You also uncover very basic price transparency gaps. It’s not a well-functioning market. We find farmers paying huge differences in fundamental products that they need to actually raise the crop. These are farm chemicals and seed. You can find farms paying two, three times as much as each other because they’re not open, competitive markets with transparent pricing in ecommerce.
So what we did is, we created an ecommerce platform that allows one price around the country. Any farm can get it. We’ve saved a farm $120,000 last year. This year, we saved a farm $185,000. That’s enough to put many kids through college or buy a home in a lot of parts of rural America.

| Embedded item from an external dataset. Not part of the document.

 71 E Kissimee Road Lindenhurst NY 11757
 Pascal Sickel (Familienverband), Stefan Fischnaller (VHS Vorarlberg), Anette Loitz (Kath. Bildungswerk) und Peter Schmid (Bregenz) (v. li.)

But you can do much more than that. You can do much more than just supply the farm and give information. Now we can build an actual supply chain. So food companies we’re starting to work with, some of the names on Zoe’s slides about milk substitutes and alternative crops like yellow pea. Those companies can now source directly to the farm. So everyone’s probably familiar with some of the jokes from the TV show Portlandia. If you remember, there is a local episode where they’re arguing over the chicken and the chicken’s pedigree. Okay, you can now do that with corn and yellow pea. These were previously commodities. It’s not a commodity until it gets merged at the grain elevator.
And so what we do is, we allow farmers to take advantage of what’s unique about their fields and then get paid for their attributes, where those are environmental attributes, practice attributes, and work directly with a food company so a food company can show you where their food came from.
And that’s what we call the digital farm economy. It’s pulling all those pieces together. It’s a system that’s connected. It’s a system that’s enabled by data and information and allows new products to reach the market where they couldn’t because of the channel control the industry has had. So we’re actually commercializing the first gene-edited soybean crop. This is the first gene-edited crop being deployed at broad scales. Being deployed through the FBN network and with dozens of our growers with a company called Calyxt.
So with that, that’s our vision of the future and it’s very broad. So thank you.